Is it possible to create constructor-extension-method ? how?
Is it possible to add a constructor extension method?
Sample Use Case
I want to add a List< T > constructor to receive specific amount of bytes out of a given partially filled buffer (without the overhead of copying only the relevant bytes and so on):
...
public static List<T>(this List<T> l, T[] a, int n)
{
for (int i = 0; i < n; i++)
l.Add(a[i]);
}
...
so the usage would be:
List<byte> some_list = new List<byte>(my_byte_array,number_of_bytes);
I've already added an AddRange extension method:
public static void AddRange<T>(this List<T> l, T[] a, int n)
{
for (int i = 0; i < n; i++)
l.Add(a[i]);
}
I want to do it as a constructor too. Is it possible?
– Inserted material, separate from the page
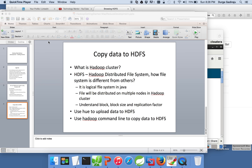Hello friends. In this video I will cover HDFS from a developer perspective. Before getting into HDFS, which stands for Hadoop Distributed File System, we will talk about what is a Hadoop cluster.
If yes - how?
Solution 1:
No, but if you changed your AddRange
signature to return the list instance, then you could at least do
var list = new List<int>().AddRange(array, n);
which imho is probably clearer than overloading the constructor anyway.
Solution 2:
SWeko's answer is basically correct, though of course the article he links to is about extension properties rather than extension constructors.
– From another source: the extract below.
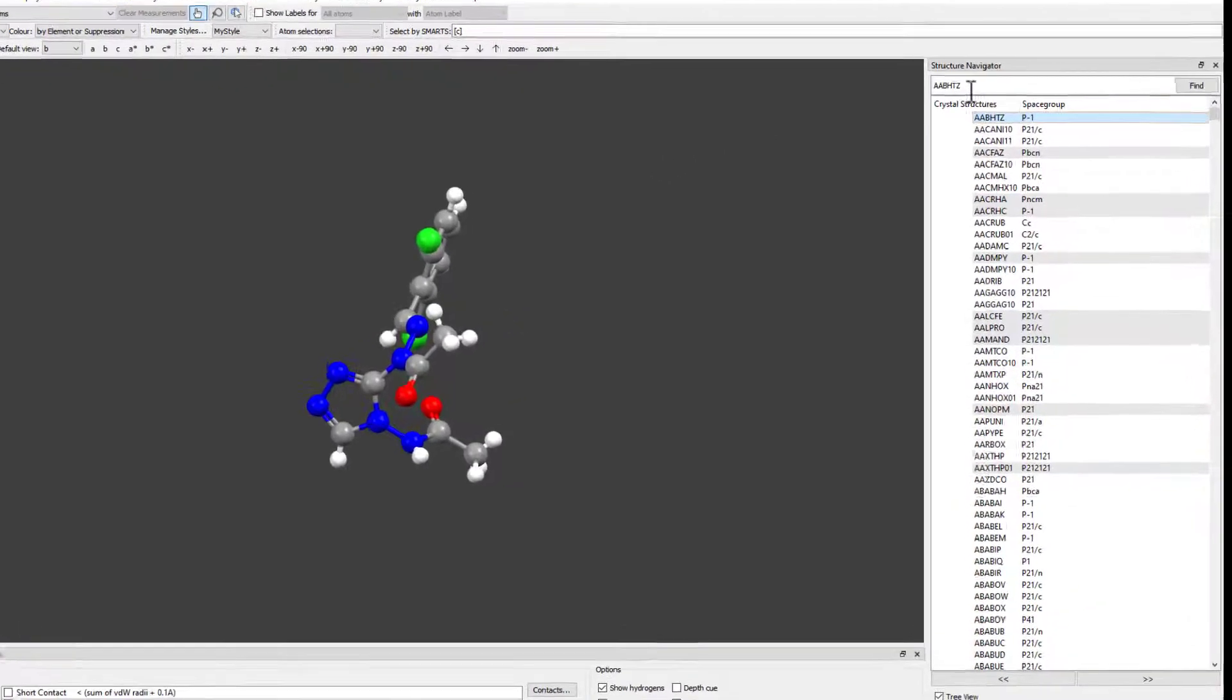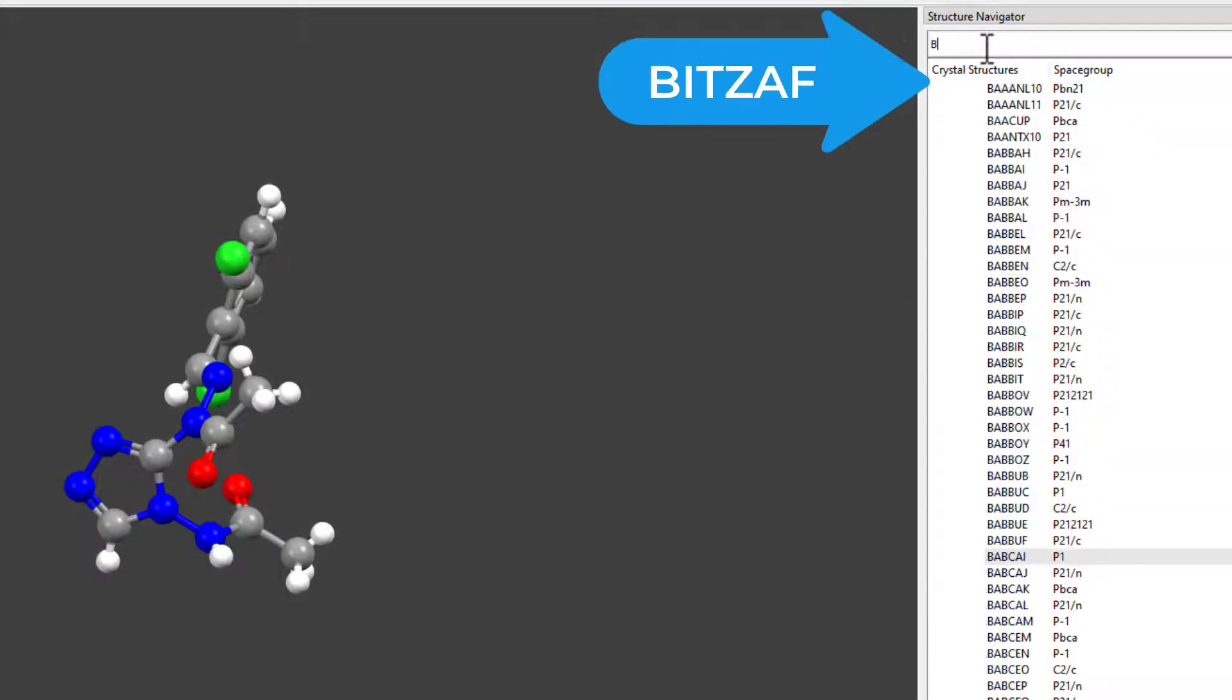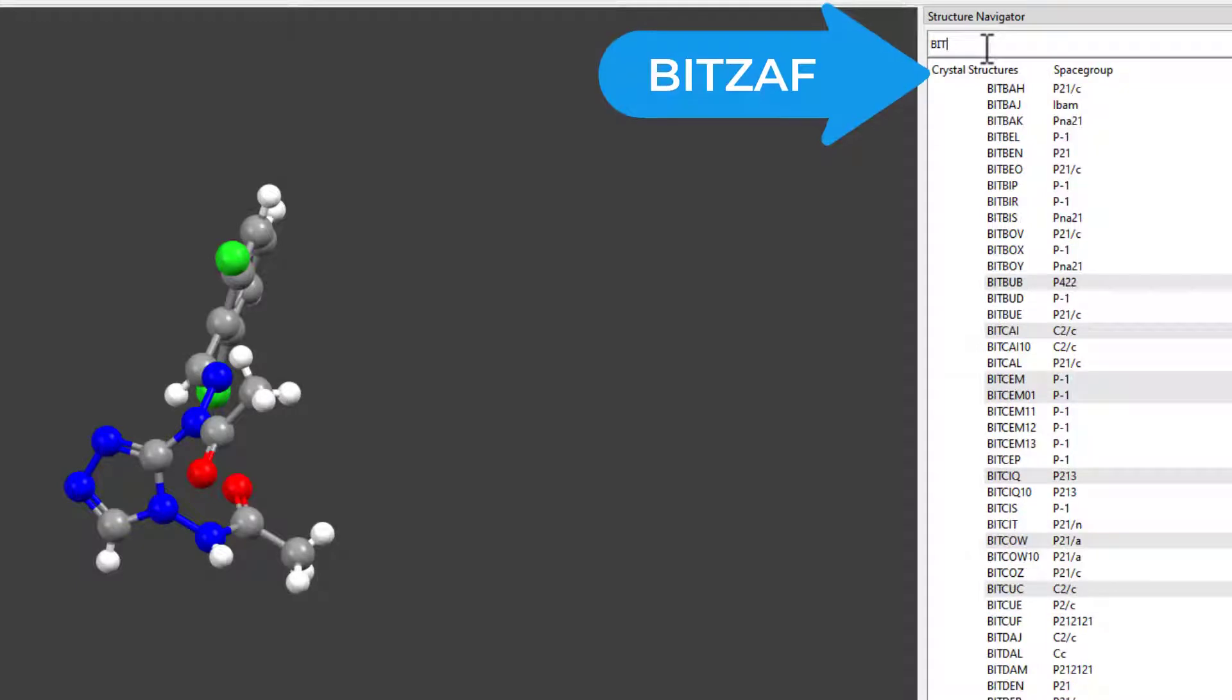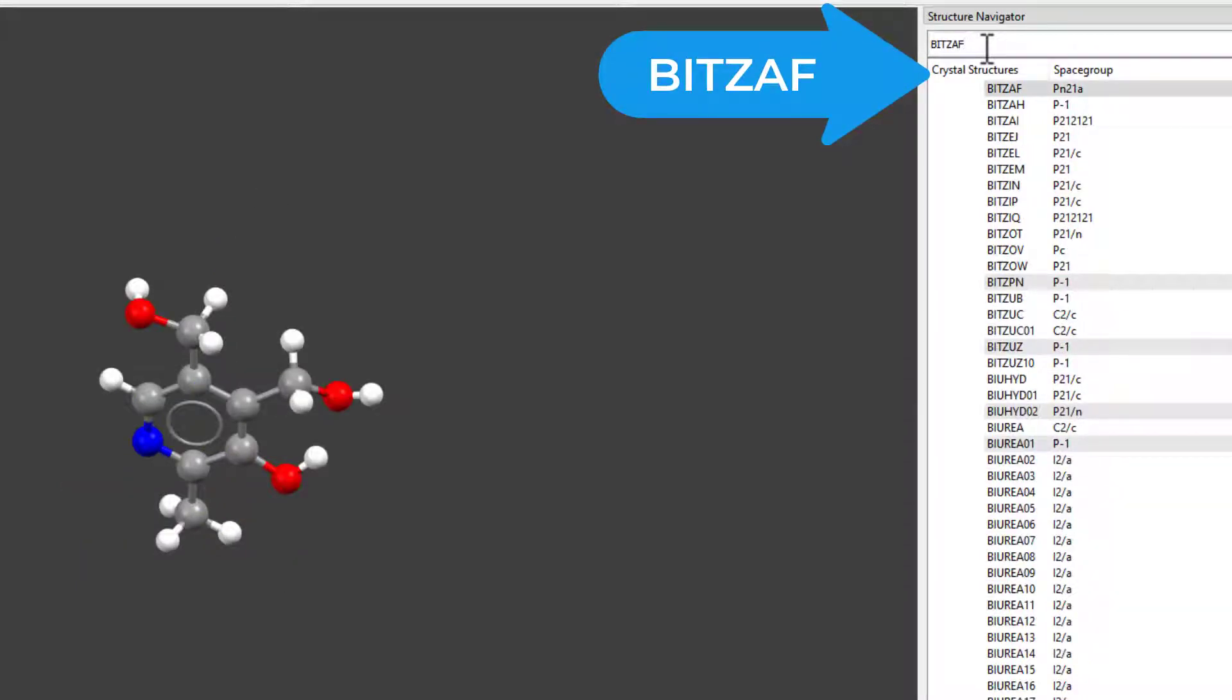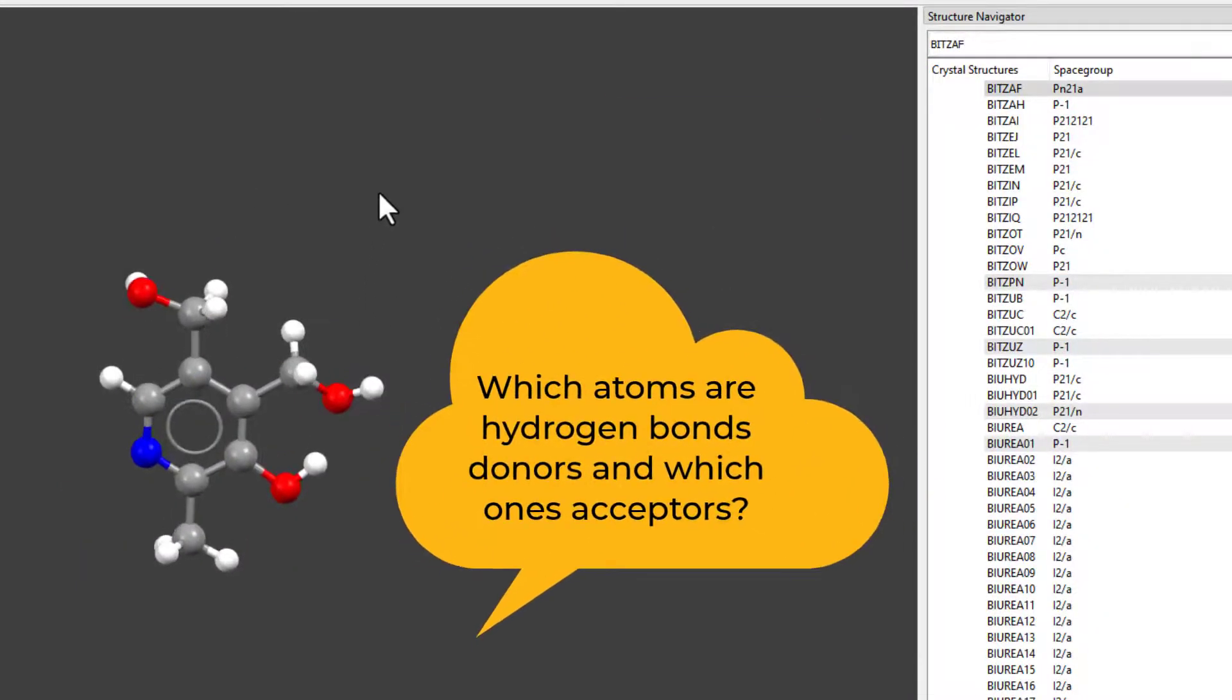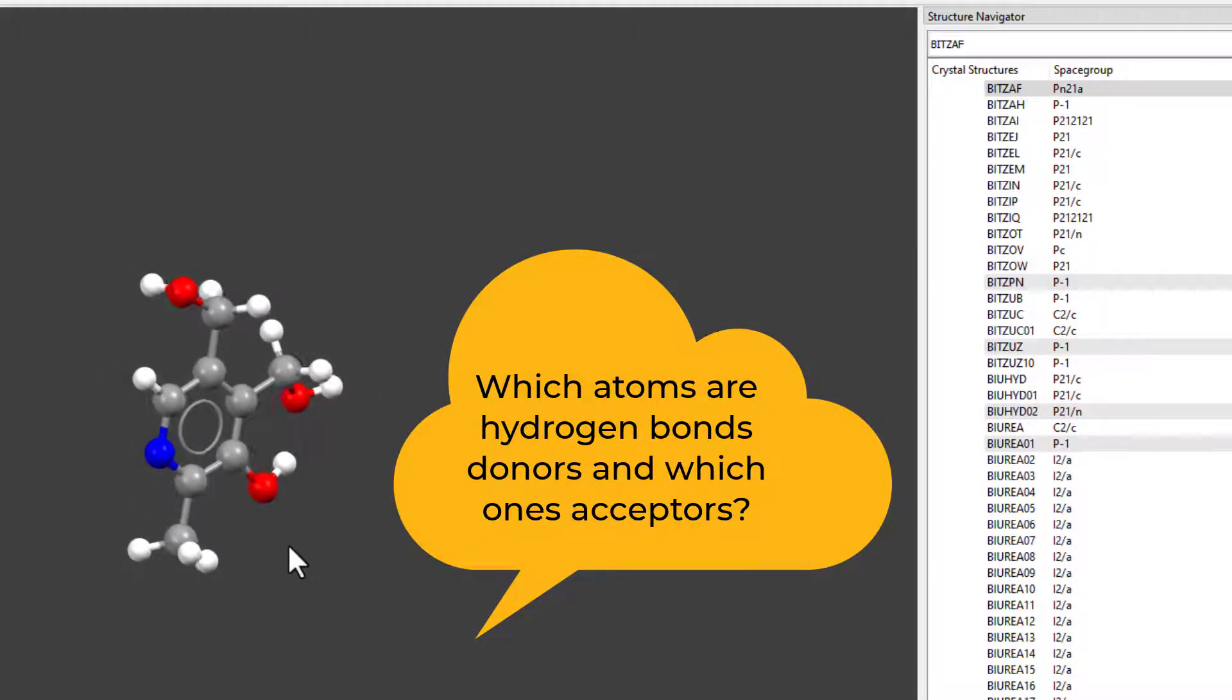To bring up the structure, we will type its REFCODE into the Structure Navigator pane on the right-hand side: V-I-T-Z-A-F. Can you predict which atoms are hydrogen bond donors and which ones are acceptors?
We also did a rough design for extension constructors at the same time as we did extension properties; they would be a nice syntactic sugar for the factory pattern. However, they never got past the design stage; the feature, though nice, is not really necessary and does not enable any awesome new scenarios.
If you have a really awesome problem that extension constructors would solve, I'd be happy to hear more details. The more real-world feedback we get, the better we are able to evaluate the relative merits of the hundreds of different feature suggestions we get every year.